(Records for this task Opens)

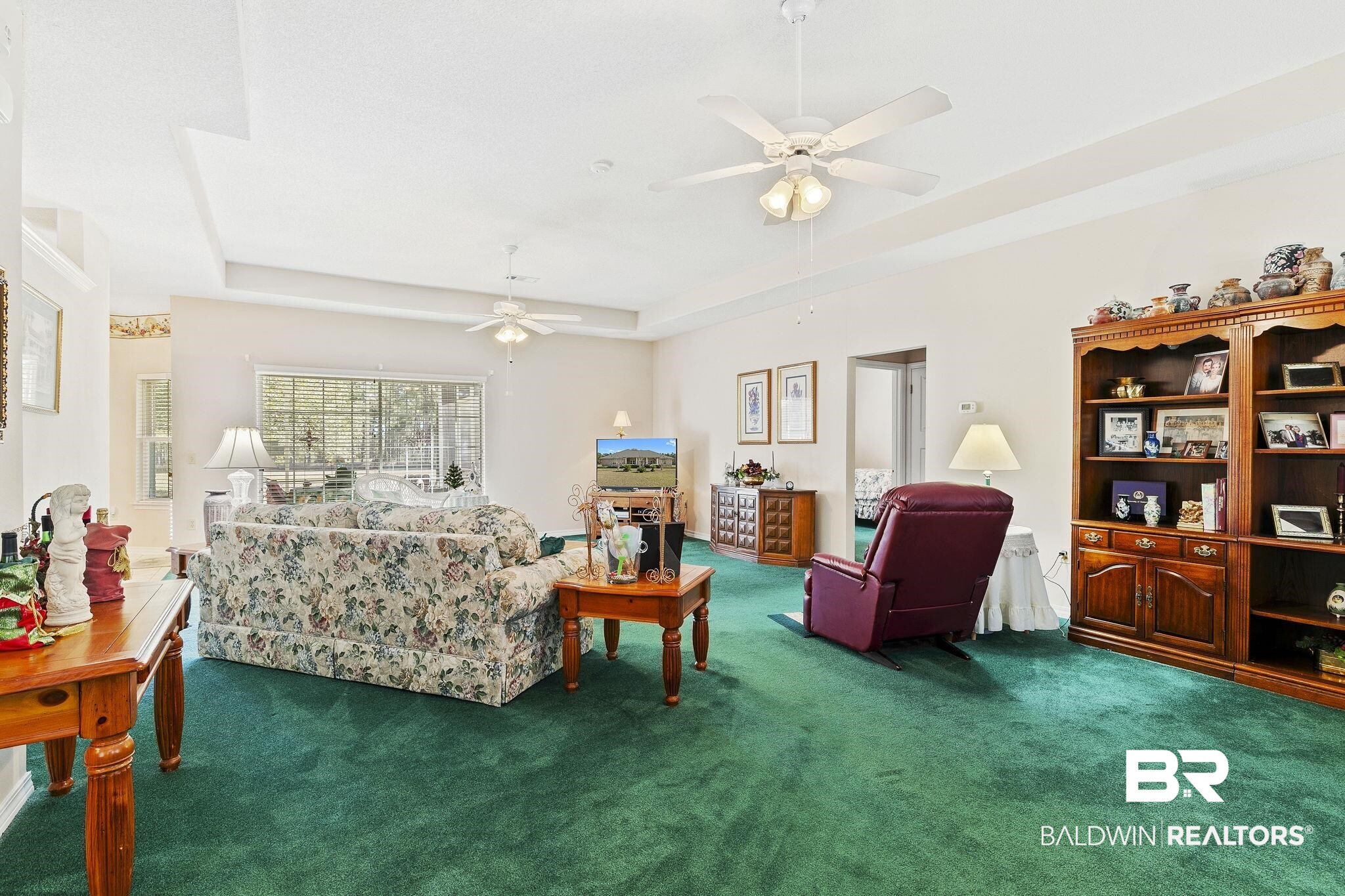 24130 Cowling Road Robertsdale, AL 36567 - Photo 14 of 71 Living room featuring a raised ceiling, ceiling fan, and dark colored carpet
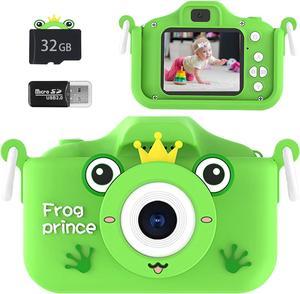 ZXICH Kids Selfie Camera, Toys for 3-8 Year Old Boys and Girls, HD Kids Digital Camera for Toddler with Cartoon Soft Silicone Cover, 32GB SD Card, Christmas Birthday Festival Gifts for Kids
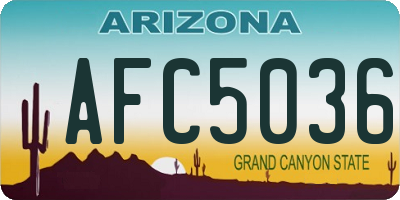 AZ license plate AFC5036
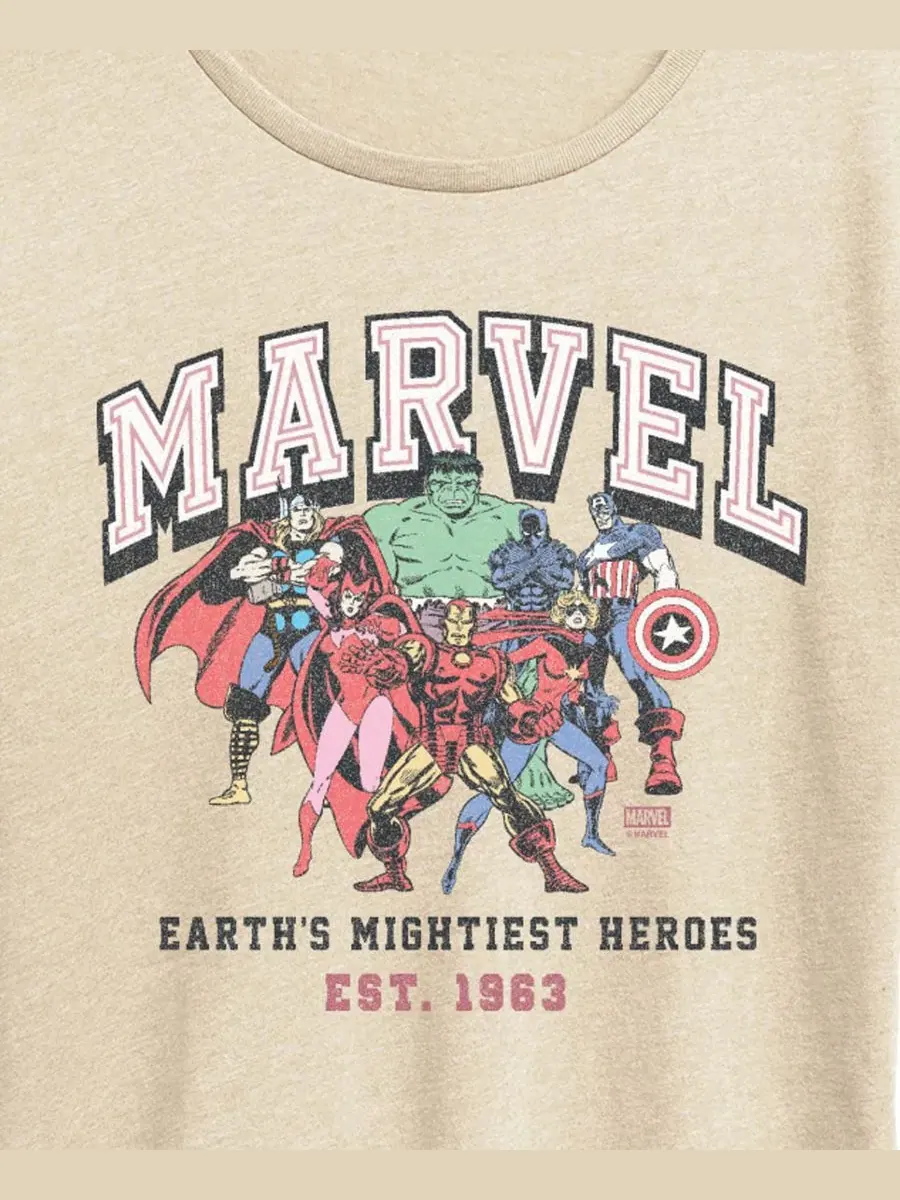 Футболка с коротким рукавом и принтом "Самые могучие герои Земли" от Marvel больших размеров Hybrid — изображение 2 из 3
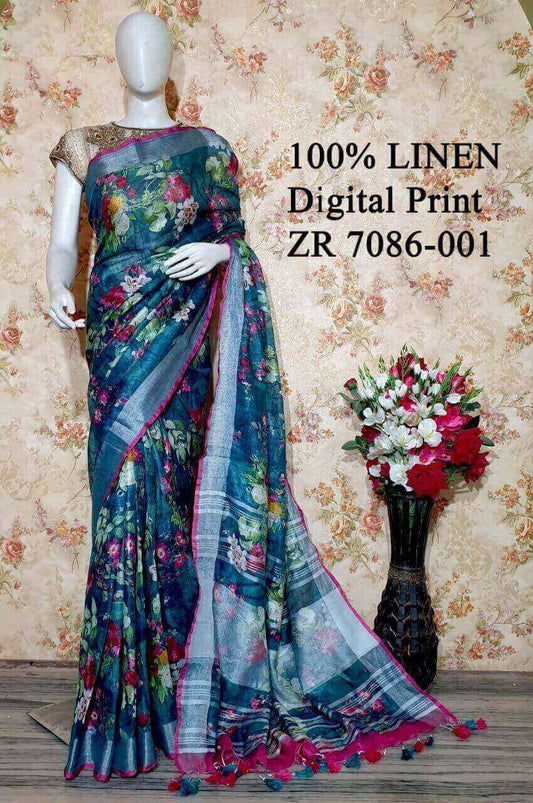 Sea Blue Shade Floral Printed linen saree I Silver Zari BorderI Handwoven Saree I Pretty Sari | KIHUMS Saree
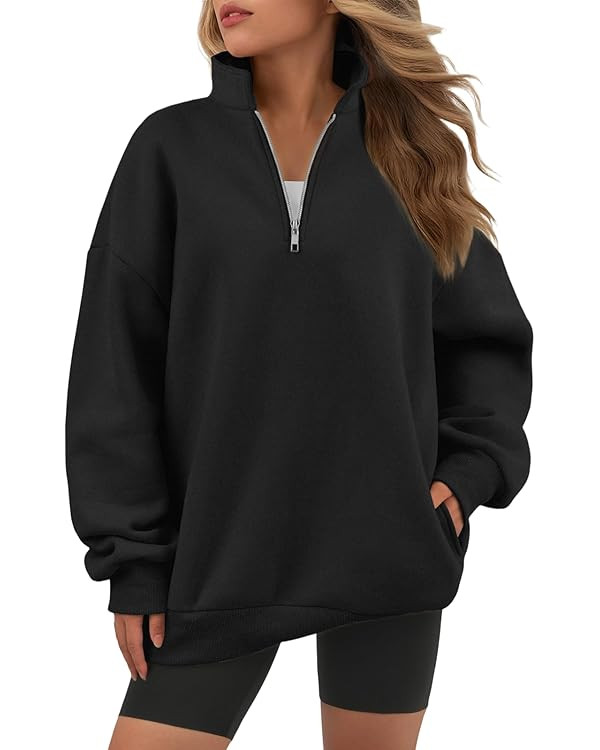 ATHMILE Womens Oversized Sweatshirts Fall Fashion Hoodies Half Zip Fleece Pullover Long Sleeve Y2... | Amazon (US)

(Records for this task Closes)

◆ Task prompt:
Out of the records above, return only the lines from the one with "ZXICH Kids Selfie" through the one with "AZ license plate AFC5036", exactly, and none of the pictures.

◆ Expected answer:
 ZXICH Kids Selfie Camera, Toys for 3-8 Year Old Boys and Girls, HD Kids Digital Camera for Toddler with Cartoon Soft Silicone Cover, 32GB SD Card, Christmas Birthday Festival Gifts for Kids
 AZ license plate AFC5036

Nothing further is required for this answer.